Кроме того, проявилось стремление выдать материальное стимулирование за «моральное». Было объявлено, что зарплата — это еще и «мощный моральный стимул, так как [она] дает возможность поощрять тех, кто больше и лучше трудился». В число форм морального стимулирования включили присуждение Государственной премии СССР [1496], хотя она выплачивалась деньгами.
Власти рапортовали об успехах системы морального стимулирования. В июле 1977 г. ЦК КПСС похвалил Московскую областную парторганизацию за «развертывание социалистического соревнования на предприятиях легкой промышленности». В 1981 г. было объявлено, что «социалистическое соревнование» охватило в стране более 100 млн чел. [1497]
Однако на самом деле результаты развития этой системы были слабыми.
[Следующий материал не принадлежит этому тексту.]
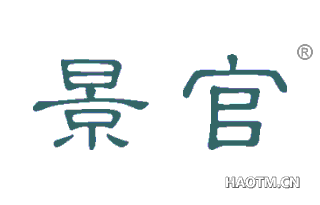 景官 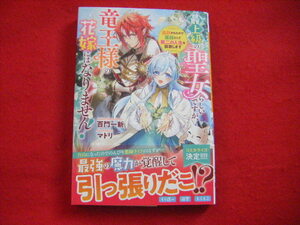 最上級の聖女らしいですが、竜王様の花嫁にはなりません! * 百門一新 * ベリーズファンタジー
К началу 1980-х гг. значительная часть работников высказывала свое неудовлетворение моральным стимулированием — в основном, из-за того, что оно «строится без надлежащего учета таких особенностей как пол, возраст, образование, стаж работы» [1498]. Очевидно, что причины недовольства лежали еще глубже — в изначально невысокой действенности такого вида стимулирования, особенно по сравнению с материальным поощрением.
Второе направление ответа властей СССР на проблемы роста уровня жизни — «практическое» — состояло в попытке поставить под контроль, «подмять» потребление. Еще в середине 1960-х гг. было объявлено, что в «плановом обществе» потребление не может быть «стихийным», и поэтому государство должно контролировать его «через планирование производства материальных благ, уровня доходов и установление определенной системы распределения». Кроме того, был признан обоснованным «некоторый разрыв между потребностями населения и возможностями общества их удовлетворить» [1499]. Таким образом, советские идеологи уже тогда пытались «подстраховаться», оправдать имевшийся дефицит промышленных товаров и продуктов питания, а также возможное усиление его в будущем.
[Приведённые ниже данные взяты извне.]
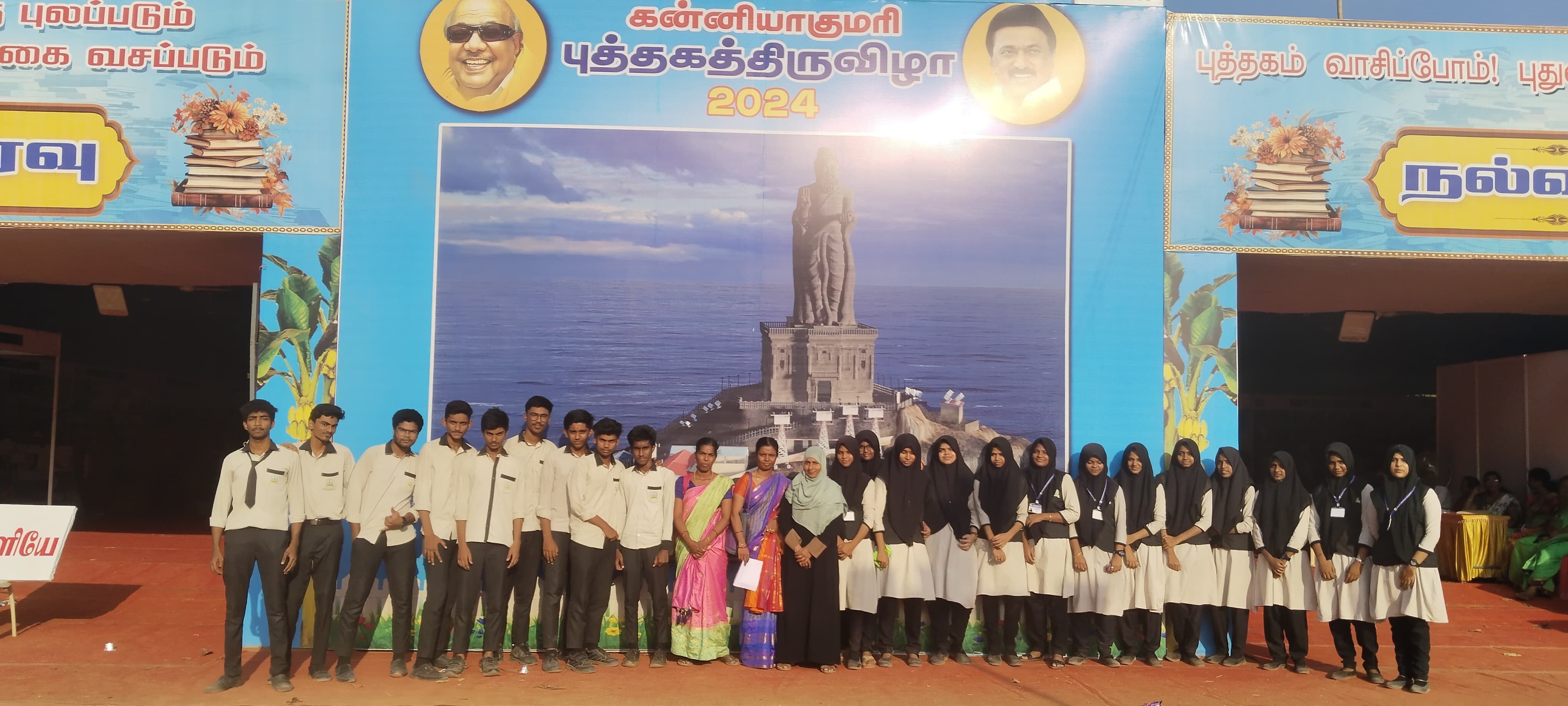 BOOK FESTIVAL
В 1970-х и начале 1980-х гг. с пропагандистскими целями было подтверждено, что социализм и коммунизм «отнюдь не против потребления», государство обязано удовлетворять материальные потребности человека, ведь это является «основным экономическим законом социализма». Однако одновременно идеологи заявили, что удовлетворение потребностей — это непростая задача [1500] (особенно в условиях снижения темпов роста экономики и усиления проблемы товарного дефицита).
Власти взяли курс на искусственное ограничение потребления, что в корне отличало СССР от стран Запада, где рост потребления был залогом развития экономики. (Характерно, что советские эксперты критиковали капстраны за то, что причиной роста уровня жизни их населения является заинтересованность «в поддержании покупательной способности трудящихся» [1501], хотя непонятно, что в этом плохого.)
С целью удержать потребление в необходимых границах, во-первых, были разработаны и широко пропагандировались его «научно обоснованные (рациональные) нормы», которые, как считалось, должны были полностью удовлетворять «разумные потребности людей» [1502]. Таким образом, в СССР было фактически введено планирование не только производства, но и потребления [1503].
Эти нормы были приняты в качестве одного из ведущих ориентиров при разработке долгосрочных социальных планов еще в конце 1950-х — начале 1960-х гг. В 1970-х гг. было объявлено об усилении «проблемы сознательного и планомерного регулирования роста потребностей» [1504], что усиливало значение этих норм. «Нормирование» касалось продуктов питания и основных «товаров народного потребления», а также многих других сфер [1505]. Советская пропаганда оправдывала введение норм тем, что «разумный уровень», установленный ими, является «достаточно высоким» [1506].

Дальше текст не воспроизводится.